• _ABOUT THIS TASK_: When writing out the listing below, reproduce every word exactly and skip the pictures.

• _DATA SHOWN_:

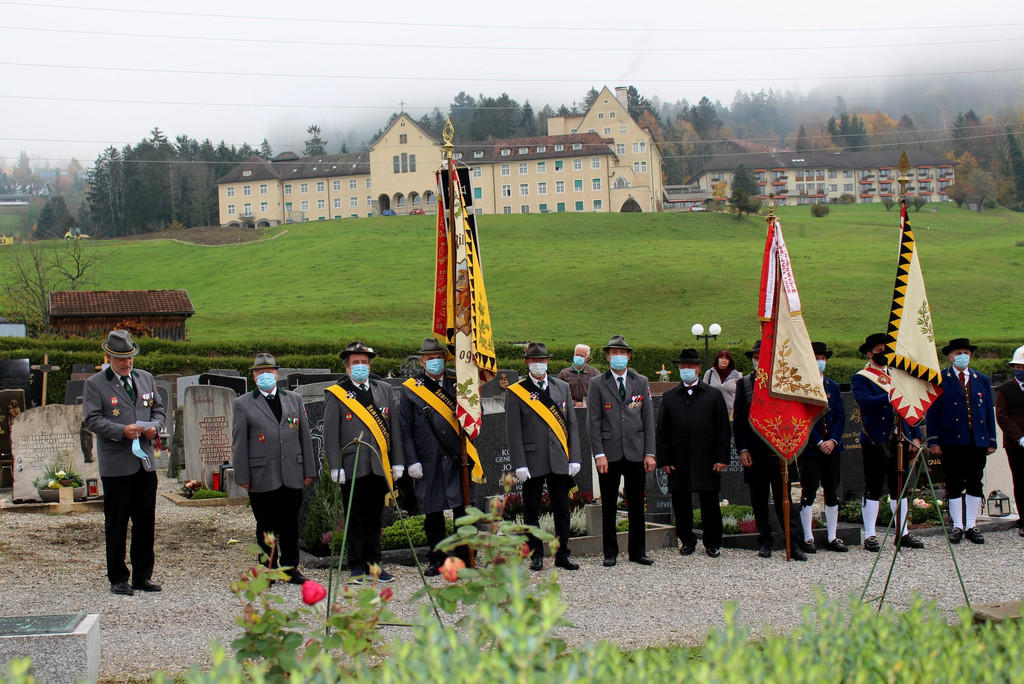 Seelensonntag KRIEGERDENKMAL 08-11-2020 _9_.JPG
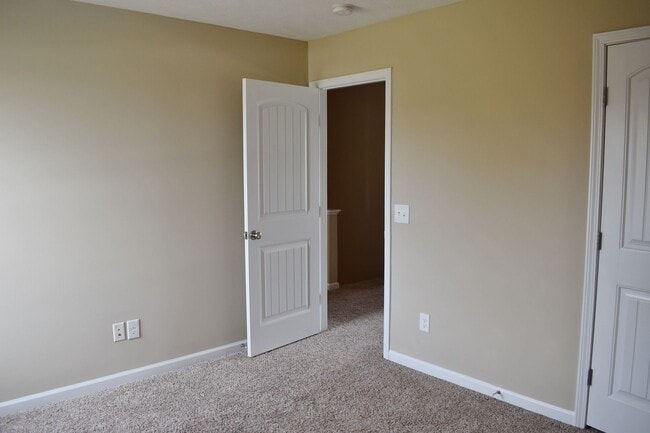 Building Photo - 3 bed 2.5 Bath Minutes from Lillington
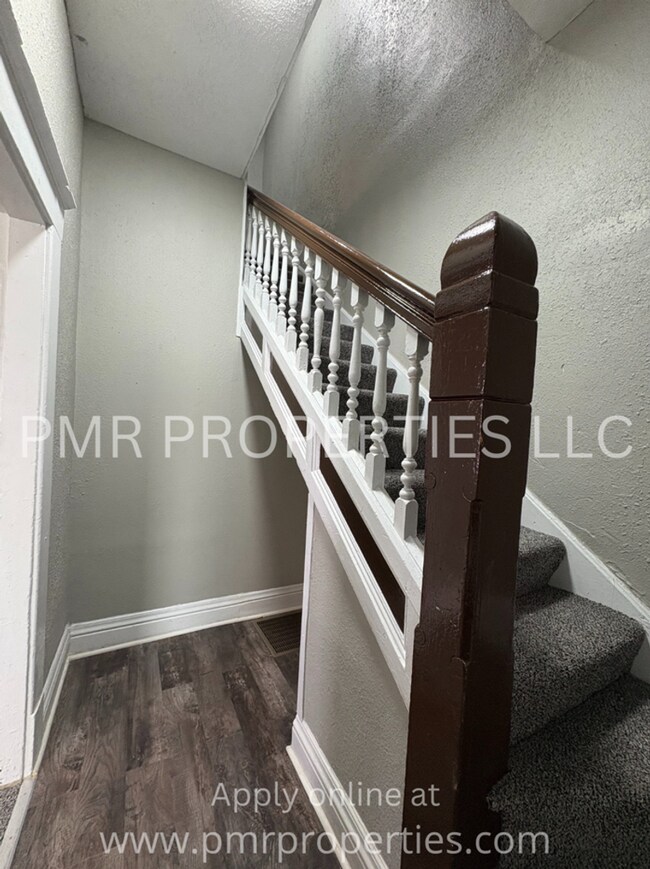 Building Photo - 3 Bedrooms / 1.5 Bathroom House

• _TASK RESPONSE_:
 Seelensonntag KRIEGERDENKMAL 08-11-2020 _9_.JPG
 Building Photo - 3 bed 2.5 Bath Minutes from Lillington
 Building Photo - 3 Bedrooms / 1.5 Bathroom House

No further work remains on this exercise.